Voici quelle est la disposition du corps de l'ouvrage. — Au haut des pages le texte, au milieu la traduction latine, au bas les nombreuses notes sur deux colonnes.

La traduction savamment travaillée, après celles qui avaient déjà paru, a le mérite d'une reproduction exacte du texte, fort heureusement éclairci ou réparé en plusieurs endroits.

Quant aux notes, elles comprennent toutes les variantes, et de plus l'indication des auteurs, que l'auteur des Philosophoumena a copiés ou imités en différents endroits.

Le livre des Philosophoumena est surtout précieux par les notions nouvelles qu'il nous donne sur la philosophie des Grecs, les croyances et les mystères des Egyptiens, la fausse sagesse et les superstitions des Chaldéens, et enfin sur l'ancienne magie des Babyloniens.
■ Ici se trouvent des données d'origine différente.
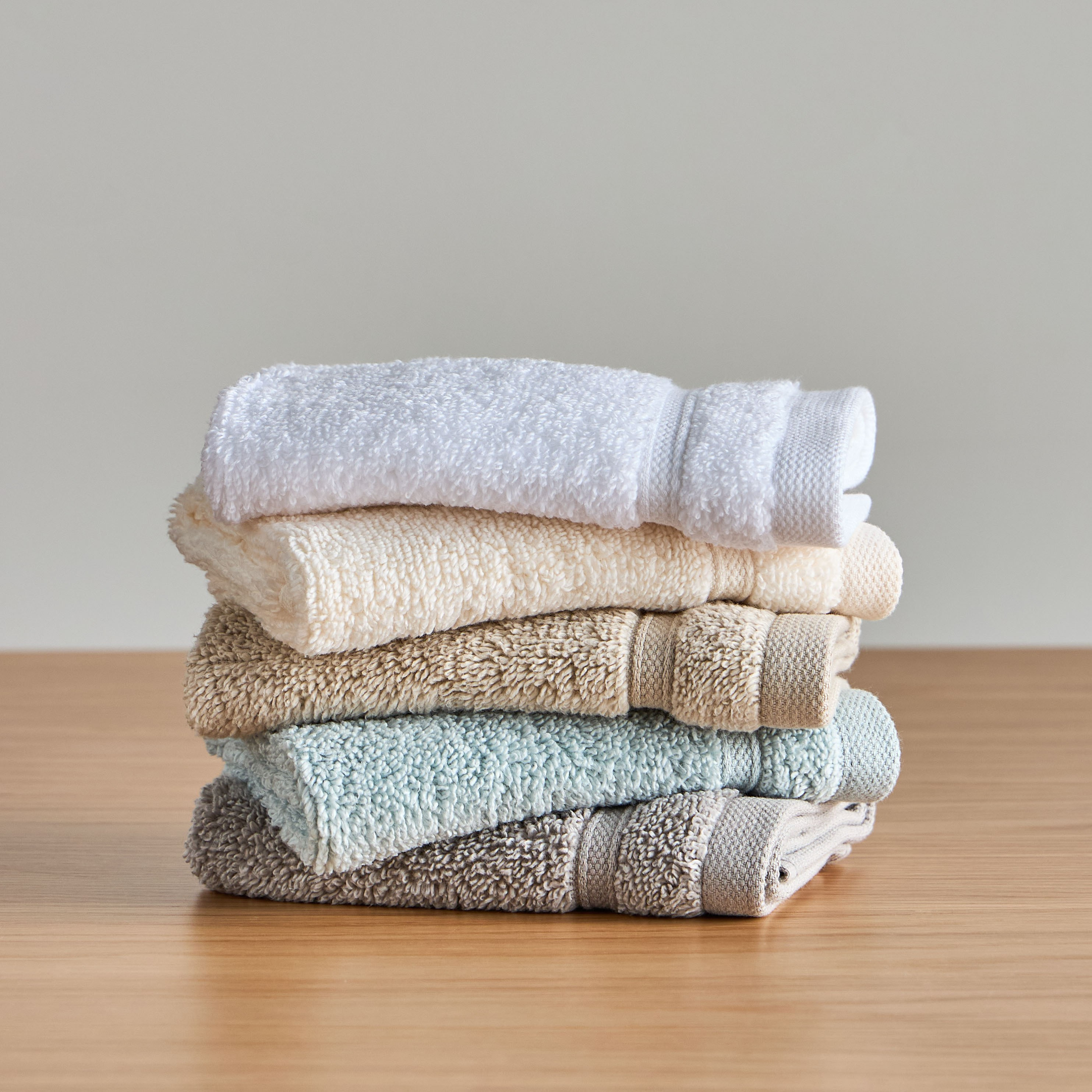 Expressence 4-Piece 560 GSM Cotton Fingertip Towel Set - 33x33 cm-household-bathandlaundry-bathlinen-towels-image-5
Nous ne pouvons analyser ici tous ces documents nouveaux, il faut les lire dans le volume; mais pour donner une idée des secours que ce livre apporte pour la lecture des textes égyptiens et babyloniens que nos savants sont en train de débrouiller tous les jours, nous allons traduire ici le chapitre qui traite de la religion des Egyptiens. Il servira de preuve et de complément aux textes que M. de Rougé a déjà donnés sur la croyance de ce peuple à l'unité divine 1, et sur le monothéisme des peuples primitifs de M. Schobel 2.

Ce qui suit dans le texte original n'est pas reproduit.